É difícil apontar os números precisos, mas uma estimativa afirma que só na região de Hallertau (maior área de cultivo de lúpulo do mundo) para cada quilo de lúpulo utilizado na fabricação de cerveja, outros 3,5 quilos de biomassa são desperdiçados. Ou seja, a proporção é que, aproximadamente, somente 20% da planta seja aproveitada enquanto 80% é descartada. Embora alguns dos resíduos da fabricação da cerveja possam ser usados em fábricas de biogás, uma grande proporção dos resíduos permanece sem utilização.
Ainda sem ciência de todo esse potencial, um trio de estudantes cogitou uma solução. Após uma palestra que mostrava como a fibra de bananeira era usada para fazer materiais de construção sustentáveis na Colômbia, estudantes da Universidade Técnica de Munique, na Alemanha afirmaram que “seria incrível” fazer algo parecido usando um material local, como o lúpulo.

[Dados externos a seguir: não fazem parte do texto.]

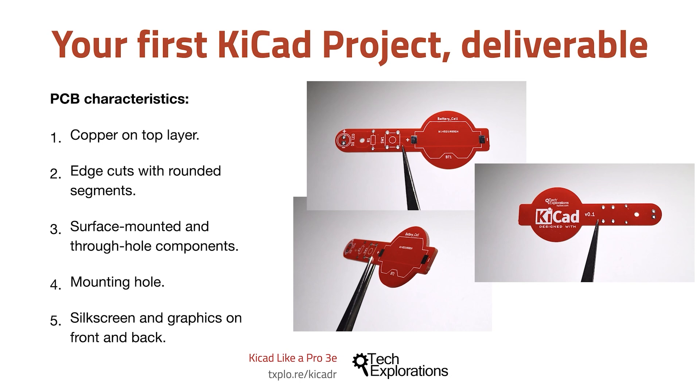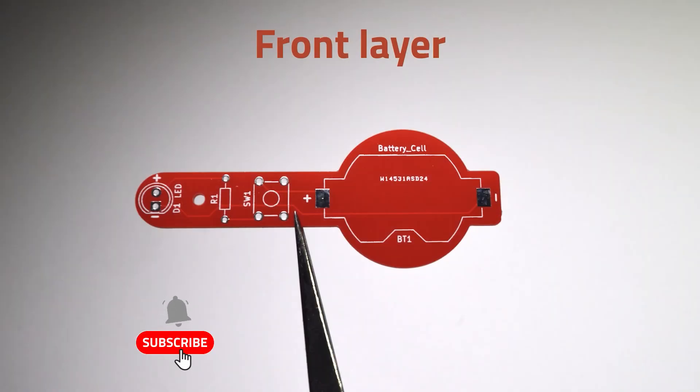So let's have a look at a few close-up photographs now. Here is the front layer. You can clearly see the pads for the surface mounted battery cell holder, and then the rest of the components are through hole components. You can also clearly see the copper tracks that connect those pads together.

Desse papo descontraído surgiu a fagulha para o que viria a ser a HopfON, nome inspirado em “hopfen”, que significa lúpulo em alemão.
A HopfON cria e vende painéis estruturais e acústicos, além de material de isolamento, feitos a partir dos resíduos da colheita do lúpulo: transformando folhas, caules e cipós em novos materiais. “Ao desenvolver materiais de construção circulares queremos contribuir para um futuro habitável com uma indústria de construção mais sustentável”, afirma a companhia.
Os materiais de construção resultantes não só contribuem positivamente para o clima, mas também representam uma alternativa ecológica aos materiais de construção convencionais. Durante o desenvolvimento do produto, o foco está na regionalidade, na economia circular e na exploração de processos de fabricação alternativos. Além de sustentáveis, a startup também se preocupa em entregar um design que seja atraente para o consumidor final.
Durante a colheita, a equipe retira o material fresco das fazendas e o seca, removendo então quaisquer impurezas e metais recicláveis. O material é picado e separado para um processo que usa agentes aglutinantes (já presentes na planta) para transformar a biomassa em produtos como painéis acústicos, isolamento térmico e placas de construção.
Um espaço de coworking na cidade de Mannheim, no sudoeste da Alemanha, foi o primeiro cliente da startup para os painéis acústicos. Um plano futuro é fazer alternativas de drywall. A startup também lançou um modelo circular onde os clientes podem devolver seus produtos para serem transformados em novos materiais.